橋梁 管理する4,379橋の内、6割強が供用40年を経過
耐震補強は今年度に全数完了予定
――次に保全についてお聞きします。現在の管内橋梁・トンネルの内訳は
曳地 県管理橋梁は全体で4,379橋であり、橋種別内訳はRCが1,302橋、PCが1,116橋、鋼が1,020橋、溝橋等が941橋となっています。供用年次別は1970年以前が1,625橋で1971~80年に建設された1,063橋を加えると全体の6割強が40年経過しているということになります。
福島県管理の供用年別橋梁数
トンネルは全体で165個所を管理しており、工種別内訳はNATMが93、在来矢板が65、開削が5、その他が2となっています。建設年次別は、1974年以前が28個所で、ピークは1995~2004年の42個所となっており、比較的建設年次は新しい状況です。
福島県管理の建設年別トンネル数
――点検を進めてみての管内各路線の劣化状況について詳しくお答え下さい(橋種(鋼、PC、RC)、部位(桁、床版、橋脚、地覆、高欄など)ごとの損傷傾向とその理由についてお答えください
曳地 橋梁については、漏水による影響が大きく出ています。鋼橋では伸縮装置からの漏水により主桁端部が腐食しやすく、コンクリート橋では橋面からの漏水により主桁・床版が劣化しやすい傾向にあります。
PC橋の損傷発生状況と損傷原因
RC橋の損傷発生状況と損傷原因
――同様にトンネルについては
曳地 変状原因として最も多いのは「材質劣化」(うき、剥離)であり、1巡目点検で確認された変状全体の76%を占め、うち判定区分Ⅱが71%、判定区分Ⅲが5%であした。材質劣化の要因としては、凍害や塩害の影響のほか、乾燥収縮等の初期欠陥が考えられます。

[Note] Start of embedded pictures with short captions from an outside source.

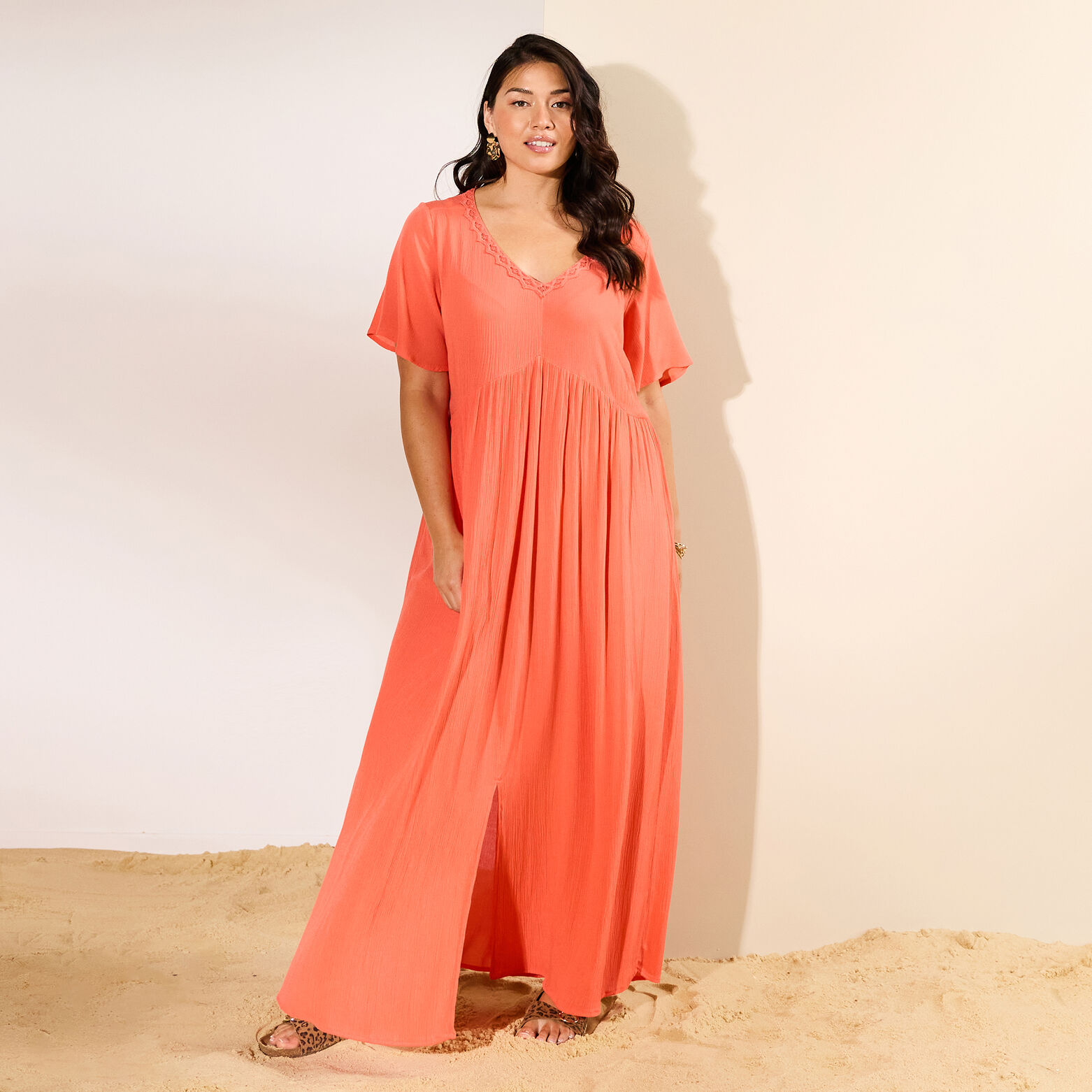 Robe longue femme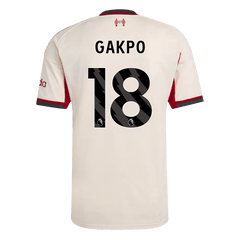 Męska Koszulka Wyjazdowa Liverpool GAKPO #18 2025/26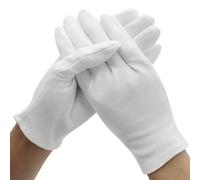 Lot de 12 paires de gants en coton respirant doux pour la peau Pour le travail cosmétique Hydratant Bijoux Inspection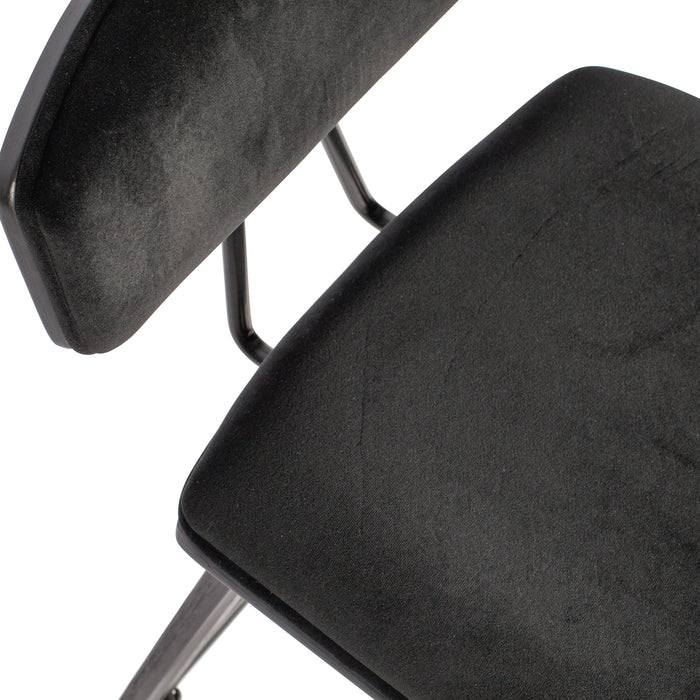 WOOOD Senn Barkruk - Fluweel Zwart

――橋梁など耐震補強の進捗状況、および落橋防止装置の設置状況(全数および実施済み数)および今年度の設置予定についてお答えください
曳地 第一次・第二次緊急輸送路における耐震補強対象は255橋を計画しています。既に254橋が完了しており、残り1橋(不動橋:R114)も2021年度に実施し、全数が完了する予定です。
橋梁長寿命化修繕計画 一巡目補修対象713橋中266橋に着手済み
床版防水 複合防水工法の導入を進めていく
――橋梁の長寿命化修繕計画にもとづいた対策の進捗状況についてお答えください。また具体的な損傷状況と補修補強内容についても例を挙げてください
曳地 2020年末の状況で申し上げますと、1巡目(2014~18年度)の点検結果で判定区分Ⅲ以上と診断された橋梁713橋のうち266橋に着手済みで、129橋を完了しています。未着手は447橋です。コンクリート部材については、剥離・鉄筋露出に対する断面修復、鋼部材については、腐食に対する塗装等が主な対策です。健全性の診断Ⅲ以上の橋梁本体の補修については、次回の法点検(5年後)までに補修を行えるよう、計画的に補修を進めていきます。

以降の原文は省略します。